Your beneficiary for this benefit is person(s) that the Massachusetts Laborers’ Health and Welfare Fund has on file for you for your health and welfare benefits. To change or update your beneficiary for the Health & Welfare Fund complete a Beneficiary Designation Form.

Extended Benefit

If you should die within 31 days from the date your insurance is terminated, the full amount of insurance will be payable to your named beneficiary or estate.

Conversion Privileges

Within 31 days of your termination from the Plan, you may convert your group life insurance to an individual policy by mailing an application to The Union Labor Life Insurance Company.

Filing a Claim

Your beneficiary should complete The Union Labor Life Insurance Claim Form and return it along with any required documentation to the Fund Office.

Accidental Death and Dismemberment (AD&D)

Benefit

If your death is the result of an accident, your beneficiary may receive an additional death benefit.

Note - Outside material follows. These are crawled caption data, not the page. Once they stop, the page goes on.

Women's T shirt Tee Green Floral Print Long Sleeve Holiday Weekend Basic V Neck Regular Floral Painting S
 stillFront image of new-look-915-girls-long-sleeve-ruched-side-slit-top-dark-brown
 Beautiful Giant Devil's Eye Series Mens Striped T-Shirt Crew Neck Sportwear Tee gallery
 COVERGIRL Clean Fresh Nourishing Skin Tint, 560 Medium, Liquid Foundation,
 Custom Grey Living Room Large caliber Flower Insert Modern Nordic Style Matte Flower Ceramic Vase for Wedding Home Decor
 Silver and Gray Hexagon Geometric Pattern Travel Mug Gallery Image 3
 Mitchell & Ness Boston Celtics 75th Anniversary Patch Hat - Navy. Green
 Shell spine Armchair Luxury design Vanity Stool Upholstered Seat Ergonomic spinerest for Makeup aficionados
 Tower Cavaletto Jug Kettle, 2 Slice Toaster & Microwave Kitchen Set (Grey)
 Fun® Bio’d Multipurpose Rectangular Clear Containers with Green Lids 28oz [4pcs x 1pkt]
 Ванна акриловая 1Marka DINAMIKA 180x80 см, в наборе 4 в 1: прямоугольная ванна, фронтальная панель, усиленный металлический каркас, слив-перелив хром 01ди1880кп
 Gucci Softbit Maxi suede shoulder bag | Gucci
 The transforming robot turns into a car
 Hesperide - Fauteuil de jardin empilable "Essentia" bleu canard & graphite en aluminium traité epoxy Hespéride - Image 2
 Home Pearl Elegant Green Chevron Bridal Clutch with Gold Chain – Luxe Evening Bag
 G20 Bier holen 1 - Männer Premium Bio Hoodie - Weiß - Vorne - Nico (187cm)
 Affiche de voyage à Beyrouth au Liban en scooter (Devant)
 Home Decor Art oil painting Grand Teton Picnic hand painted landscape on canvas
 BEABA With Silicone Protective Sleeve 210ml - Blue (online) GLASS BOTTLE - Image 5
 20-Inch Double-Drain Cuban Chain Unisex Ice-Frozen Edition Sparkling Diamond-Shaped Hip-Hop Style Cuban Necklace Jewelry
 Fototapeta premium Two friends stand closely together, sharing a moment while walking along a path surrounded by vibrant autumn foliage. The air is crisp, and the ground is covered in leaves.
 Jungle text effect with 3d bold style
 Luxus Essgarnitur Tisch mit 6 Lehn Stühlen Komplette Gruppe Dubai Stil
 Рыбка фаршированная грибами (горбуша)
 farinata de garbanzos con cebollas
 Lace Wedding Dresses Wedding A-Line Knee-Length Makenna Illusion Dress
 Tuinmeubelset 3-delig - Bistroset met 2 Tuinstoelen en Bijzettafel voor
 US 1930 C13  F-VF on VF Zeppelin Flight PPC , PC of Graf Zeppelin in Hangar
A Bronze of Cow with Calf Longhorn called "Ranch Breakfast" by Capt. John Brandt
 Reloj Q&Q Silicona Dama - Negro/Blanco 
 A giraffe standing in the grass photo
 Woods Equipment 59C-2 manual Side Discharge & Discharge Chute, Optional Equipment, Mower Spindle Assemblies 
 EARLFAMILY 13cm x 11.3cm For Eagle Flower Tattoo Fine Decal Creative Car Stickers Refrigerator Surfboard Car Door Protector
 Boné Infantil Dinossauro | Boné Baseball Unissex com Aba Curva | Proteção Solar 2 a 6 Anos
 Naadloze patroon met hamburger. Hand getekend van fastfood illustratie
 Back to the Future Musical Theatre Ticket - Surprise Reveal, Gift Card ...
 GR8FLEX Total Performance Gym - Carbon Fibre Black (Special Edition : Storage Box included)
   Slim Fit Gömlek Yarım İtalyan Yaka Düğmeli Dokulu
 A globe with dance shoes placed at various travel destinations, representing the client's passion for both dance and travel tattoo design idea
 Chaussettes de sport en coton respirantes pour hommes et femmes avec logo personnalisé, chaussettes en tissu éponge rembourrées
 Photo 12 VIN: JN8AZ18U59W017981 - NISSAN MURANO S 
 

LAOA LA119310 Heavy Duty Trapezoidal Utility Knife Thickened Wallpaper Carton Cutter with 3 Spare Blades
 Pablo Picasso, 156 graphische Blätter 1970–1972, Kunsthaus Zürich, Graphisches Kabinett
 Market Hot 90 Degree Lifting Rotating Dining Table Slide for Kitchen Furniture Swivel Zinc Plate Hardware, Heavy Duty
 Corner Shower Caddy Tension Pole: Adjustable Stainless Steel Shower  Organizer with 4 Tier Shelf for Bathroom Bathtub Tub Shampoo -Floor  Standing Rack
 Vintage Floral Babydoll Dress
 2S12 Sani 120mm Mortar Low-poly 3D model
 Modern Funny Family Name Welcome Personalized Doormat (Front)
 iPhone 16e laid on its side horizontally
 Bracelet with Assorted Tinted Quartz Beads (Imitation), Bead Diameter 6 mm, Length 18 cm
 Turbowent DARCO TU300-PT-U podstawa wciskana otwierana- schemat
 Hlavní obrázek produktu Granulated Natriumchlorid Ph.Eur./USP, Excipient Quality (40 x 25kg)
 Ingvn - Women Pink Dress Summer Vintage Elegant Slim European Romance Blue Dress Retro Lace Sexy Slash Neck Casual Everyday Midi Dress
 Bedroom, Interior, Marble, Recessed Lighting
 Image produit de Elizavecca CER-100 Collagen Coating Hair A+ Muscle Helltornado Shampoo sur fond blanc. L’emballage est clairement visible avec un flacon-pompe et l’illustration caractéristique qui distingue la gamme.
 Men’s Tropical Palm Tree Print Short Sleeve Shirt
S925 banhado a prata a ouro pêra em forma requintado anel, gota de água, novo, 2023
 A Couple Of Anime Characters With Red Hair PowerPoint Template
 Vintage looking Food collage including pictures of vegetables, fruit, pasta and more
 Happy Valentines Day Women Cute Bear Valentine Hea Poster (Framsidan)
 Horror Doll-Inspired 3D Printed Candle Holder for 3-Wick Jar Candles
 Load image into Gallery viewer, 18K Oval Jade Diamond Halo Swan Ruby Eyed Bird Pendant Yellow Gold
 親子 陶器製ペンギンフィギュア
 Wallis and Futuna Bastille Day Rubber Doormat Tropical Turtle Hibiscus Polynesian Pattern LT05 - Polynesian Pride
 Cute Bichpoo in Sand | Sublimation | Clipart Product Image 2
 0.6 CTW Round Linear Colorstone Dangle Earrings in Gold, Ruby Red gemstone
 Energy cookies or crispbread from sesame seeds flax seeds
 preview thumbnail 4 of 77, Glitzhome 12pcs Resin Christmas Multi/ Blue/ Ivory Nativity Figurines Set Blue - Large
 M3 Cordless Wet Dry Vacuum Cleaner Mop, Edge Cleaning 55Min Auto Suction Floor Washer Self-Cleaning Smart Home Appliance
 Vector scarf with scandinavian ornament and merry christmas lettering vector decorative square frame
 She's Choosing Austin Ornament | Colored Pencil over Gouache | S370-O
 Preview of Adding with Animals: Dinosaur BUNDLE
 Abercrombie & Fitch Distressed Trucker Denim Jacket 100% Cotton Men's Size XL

If you lose a limb or your sight as a result of an accident, a benefit may be paid to you.

Refer to the Summary Plan Description for a schedule of the description of losses and benefits payable.

Your Beneficiary

Your beneficiary for the accidental death benefit is the same person you have for your life insurance. To change or update your beneficiary for the Health & Welfare Fund complete a Beneficiary Designation Form.

Filing a Claim

Your beneficiary should complete an AD&D Benefits Claim Form and return it along with any required documentation to the Fund Office.